Thank goodness I’m sober; thank goodness for the biker I met in a bar who took me to my first meeting. I couldn’t have done any of this if I wasn’t sober, hadn’t spent years in church basements & smokey coffee shops & diners. Being sober taught me about taking time to pause and the grace to know (sometimes) when to step away. It reminds me to nap if I need to, not to let myself get to hungry, angry, lonely or tired (aka halt). I’m rarely fully in halt, but that “OR” is there for a reason. Any one of those can be a trigger, any combination, a double whammy.
I never think I’m lonely. An only child and loud introvert, I enjoy solitude, something I haven’t had much of lately. I need it to recharge. Getting out of the house on the weekend after Christmas, spending it with friends, sleeping in on that Sunday and Monday put things back in perspective.
I feel human again.
If companionship & sleep made me human again, I was lonely and tired without knowing it. If the solution works, you probably have the problem. I’m human. I’m tired.
Watching Mom become someone harder to love is painful.
I’m angry at her for changing, for not dying while she was still adorable. She has no control over any of it, any more than I do. We are powerless over her disease, her progression. She is even more helpless in her world; I’m sure that’s what’s behind her fighting back when her personal space is invaded. For Mom, it’s not help, it’s an invasion. Her “No” is a declaration of independence, of self, of control in a world where she has none.
I can’t always remember those things when it would do the most good to.
I may powerless in the bigger scheme of things, but she is even more so, virtually defenseless and confused. There is no solid ground in which to get a good footing for someone in advanced dementia. I remind myself, when I can, Big protects Little. And sometimes, the who she needs protecting from, is me. And I leave the room, do the dishes, prepare things for the morning, or call a friend, or write to remind myself who we are, individually and together.
NYS resources can be found here: https://aging.ny.gov/programs/elder-abuse
National resources here: https://ncea.acl.gov/suspectabuse#gsc.tab=0
Referencing the Edith Bouvier Beales of Grey Gardens fame.

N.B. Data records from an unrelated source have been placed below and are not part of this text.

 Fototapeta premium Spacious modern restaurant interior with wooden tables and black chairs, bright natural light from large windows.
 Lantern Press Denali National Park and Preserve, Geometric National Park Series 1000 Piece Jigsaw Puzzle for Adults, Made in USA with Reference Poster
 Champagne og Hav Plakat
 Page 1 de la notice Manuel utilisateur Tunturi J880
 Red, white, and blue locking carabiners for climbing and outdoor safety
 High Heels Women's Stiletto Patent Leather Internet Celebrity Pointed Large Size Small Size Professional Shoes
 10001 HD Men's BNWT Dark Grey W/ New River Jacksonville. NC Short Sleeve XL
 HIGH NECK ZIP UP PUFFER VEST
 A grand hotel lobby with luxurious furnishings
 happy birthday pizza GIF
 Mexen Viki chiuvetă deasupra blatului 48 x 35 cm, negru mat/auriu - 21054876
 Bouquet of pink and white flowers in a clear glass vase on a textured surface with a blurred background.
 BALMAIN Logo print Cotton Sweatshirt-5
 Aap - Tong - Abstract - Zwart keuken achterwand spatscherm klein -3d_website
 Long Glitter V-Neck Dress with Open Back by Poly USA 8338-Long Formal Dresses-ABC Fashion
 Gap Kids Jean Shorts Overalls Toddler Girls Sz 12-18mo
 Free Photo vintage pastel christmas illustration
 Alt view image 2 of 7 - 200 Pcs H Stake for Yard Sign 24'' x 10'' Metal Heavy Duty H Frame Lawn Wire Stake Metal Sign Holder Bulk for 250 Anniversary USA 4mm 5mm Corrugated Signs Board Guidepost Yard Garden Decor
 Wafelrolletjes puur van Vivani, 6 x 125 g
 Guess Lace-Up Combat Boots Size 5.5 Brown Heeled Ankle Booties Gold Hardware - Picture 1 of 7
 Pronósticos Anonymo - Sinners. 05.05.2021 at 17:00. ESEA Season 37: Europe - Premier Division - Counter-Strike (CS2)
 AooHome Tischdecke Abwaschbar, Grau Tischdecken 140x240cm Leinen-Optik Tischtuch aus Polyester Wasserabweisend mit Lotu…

I so appreciate your honesty - not just in this account but with yourself. It is one of the hardest things ever to resent your mom as she's fading away. To miss her while she's still there. I hope the writing helps you cope. Know that it helps others. Thank you for sharing.
I can relate. There were times when I was sure I would hurt my father. It was a stunning moment the first time it happened. I was sure it wouldn’t happen again. But it did and the best I could do was try. Thank you for sharing all that you do. Sending lots of love.